Une nouvelle loi Montagne sera élaborée et adoptée en 2016, a affirmé le Premier ministre le 25 septembre, à l'occasion du Conseil national de la montagne (CNM) organisé, à Chamonix. Trente ans après la fameuse loi Montagne de 1985, le gouvernement a précisé sa feuille de route pour l'acte II de la montagne. Au programme notamment : un renforcement des institutions représentatives et un meilleur accès aux services. Les élus de montagne restent vigilants.

A l'occasion du Conseil national de la montagne (CNM) qui s'est tenu le 25 septembre 2015 à Chamonix, le Premier ministre, Manuel Valls, a annoncé qu'une nouvelle loi Montagne serait préparée sur la base du rapport des deux parlementaires, Bernadette Laclais, députée PS de Savoie, et Annie Genevard, députée Les Républicains du Doubs, remis le 3 septembre.
 Le Premier ministre prévoit une adoption du texte en 2016. "Nous devons aujourd'hui passer à une autre logique, a-t-il signalé le 25 septembre, à la suite du CNM. La montagne ne doit pas se résumer à une somme de handicaps naturels à compenser. Nous devons désormais valoriser les spécificités de ces espaces pour en tirer pleinement partie." 
Il s'agissait d'une attente forte de la part des élus de montagne, pour laquelle Manuel Valls avait déjà posé quelques jalons lors du CNM de 2014, annonçant une nouvelle feuille de route pour ces territoires.

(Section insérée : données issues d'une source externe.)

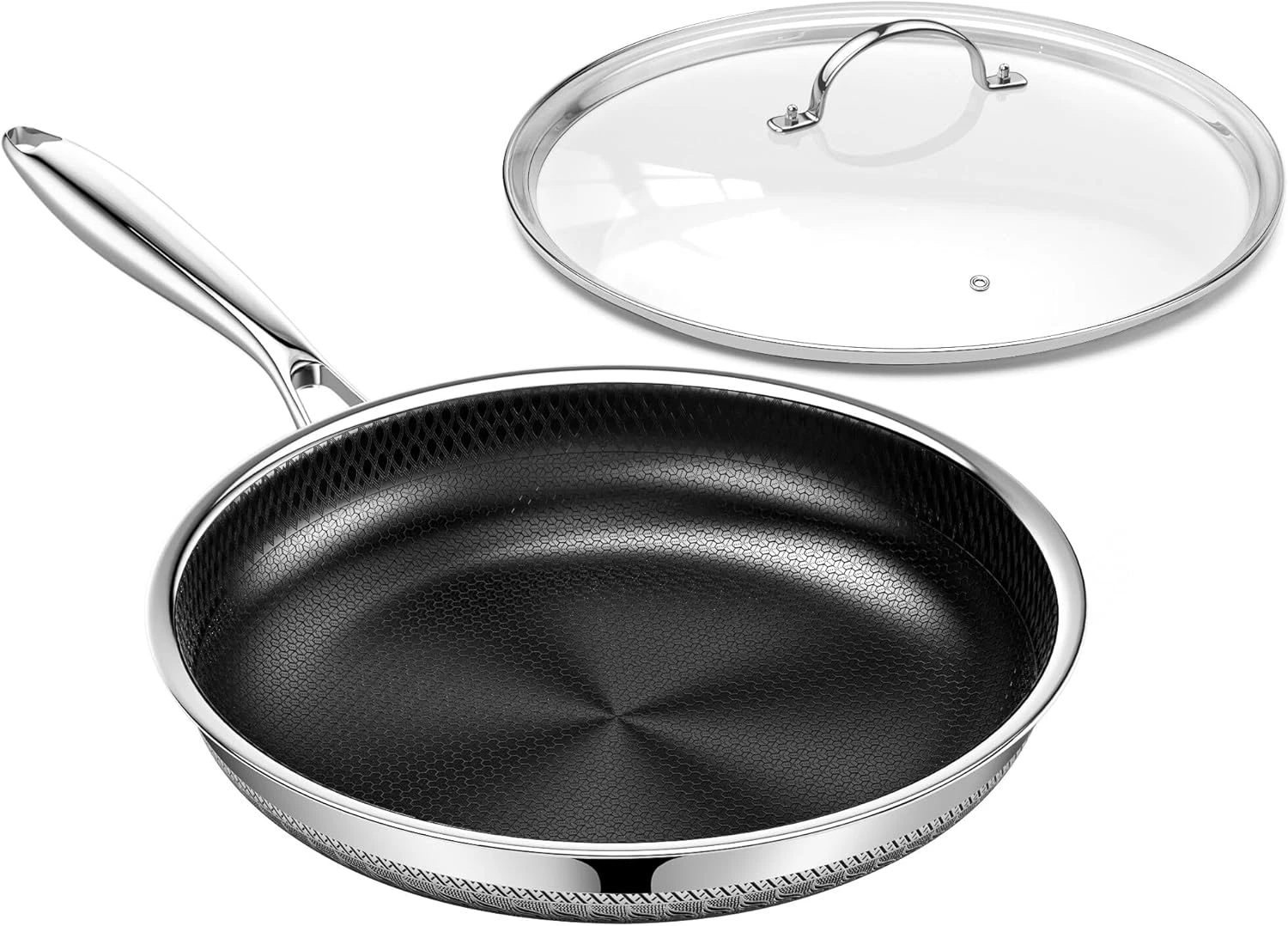 12" Non-Stick Ceramic Hybrid Frying Pan with Lid - Induction Safe, Metal Utensil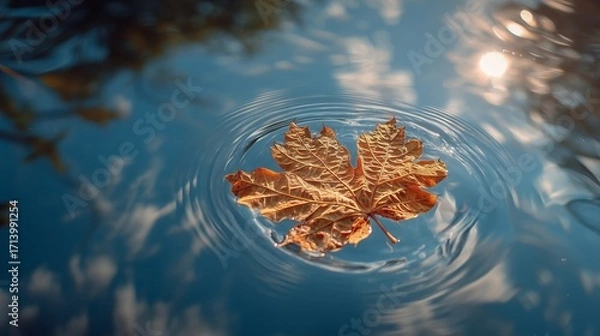 Fototapeta Floating Autumn Leaf on Water Surface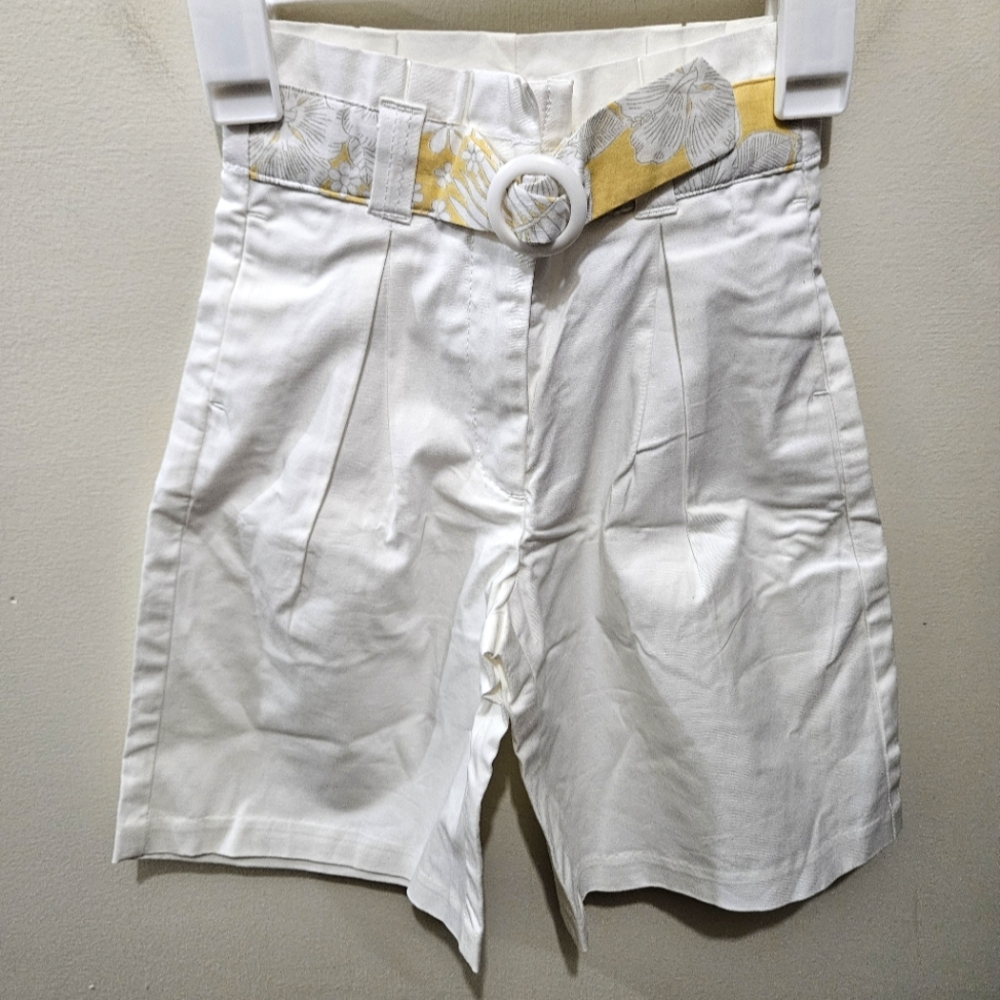 Janie & Jack White Yellow Belt Adjustable Waist Pockets Baby Shorts 18-24 Months
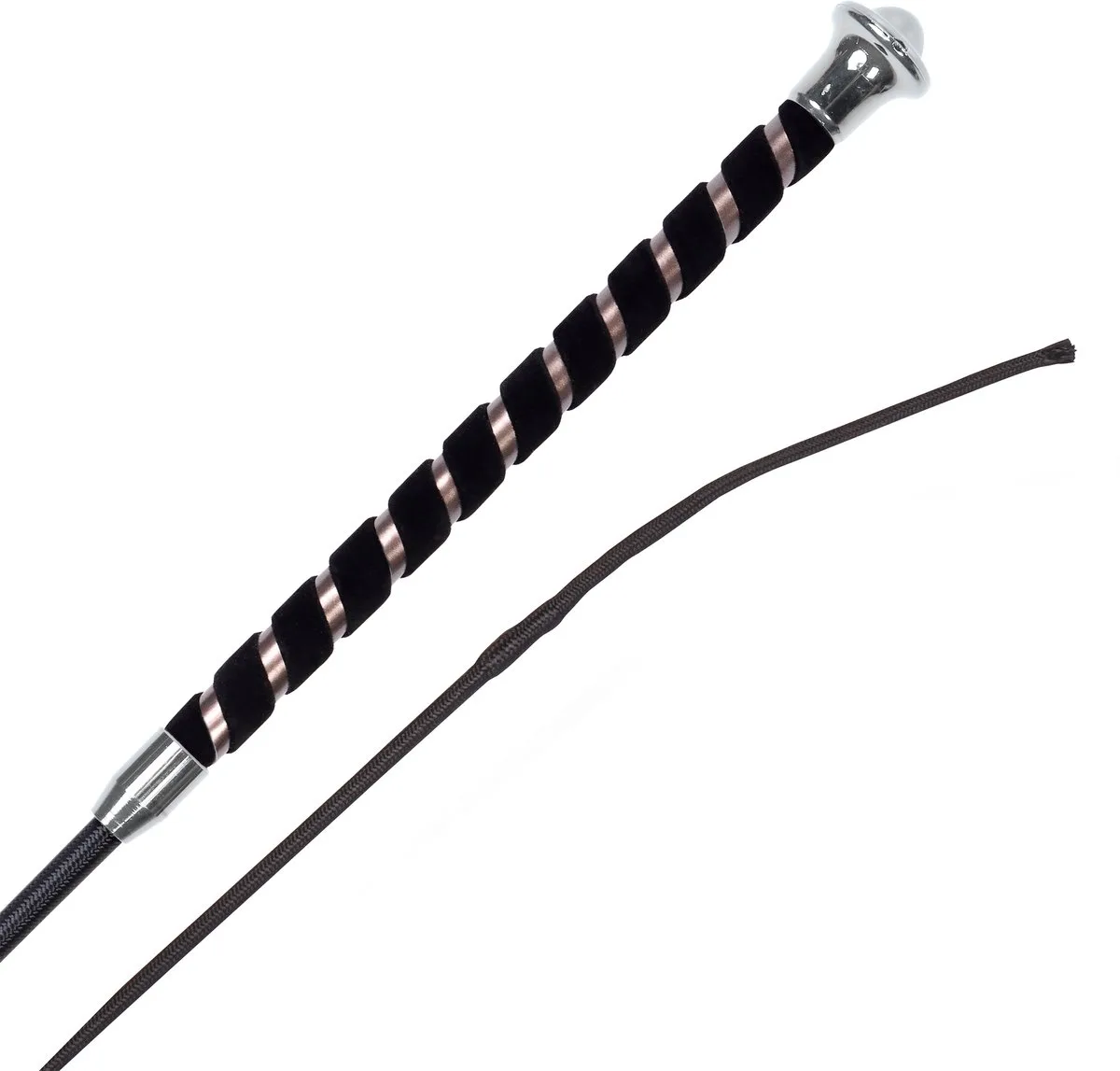 Dressuurzweep 23cm Suede Handvat 140cm van Harry's Horse in Zwart – productfoto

Le "parti de la montagne" se montre divisé. "C'est une très bonne nouvelle pour la montagne, assure ainsi à Localtis Marie-Noëlle Battistel, députée PS de l'Isère et secrétaire générale de l'Association nationale des élus de montagne (Anem). Nous sommes très satisfaits de ces annonces qui auraient pu être a minima." Le président de l'Anem, Laurent Wauquiez (Les Républicains), se montre beaucoup plus réservé. "On est satisfait qu'il y ait une loi Montagne. Mais si c'est une coquille vide, ça n'a aucun intérêt", a-t-il réagi auprès de l'AFP. "Aujourd'hui, l'inquiétude de la montagne reste entière, il manque des actes", a ajouté le maire du Puy-en-Velay. Dans le détail, l'Anem - qui s'était réjouie des conclusions de la mission Laclais-Genevard - constate, dans un communiqué du 25 septembre, des avancées dans le domaine d'internet et de la santé mais "trop peu sur les dotations aux communes et l'agriculture de montagne pourtant en grande difficulté".
Les élus des stations de montagne sont quant à eux enthousiastes. "Nous sommes très heureux de cette décision, signale ainsi à Localtis Charles-Ange Ginesy, président de l'Association nationale des maires des stations de montagne (ANMSM) et député Les Républicains des Alpes-Maritimes. Cette loi qui datait d'il y a trente ans avait besoin d'être remise au goût du jour. Il y a trente ans, on ne parlait pas de numérique ni de développement durable." Satisfait, mais vigilant, car "les territoires de montagne ont beaucoup souffert", affirme-t-il, en insistant sur la baisse des dotations de l'Etat, la fusion des régions, la suppression des conseils généraux avec l'arrivée de conseils départementaux éloignés des zones de montagne. L'ANMSM compte notamment remettre sur la table la question du transfert de la compétence "promotion du tourisme" aux intercommunalités, prévue dans le cadre de la loi Nouvelle Organisation territoriale de la République (Notr), qu'elle souhaiterait voir devenir optionnelle.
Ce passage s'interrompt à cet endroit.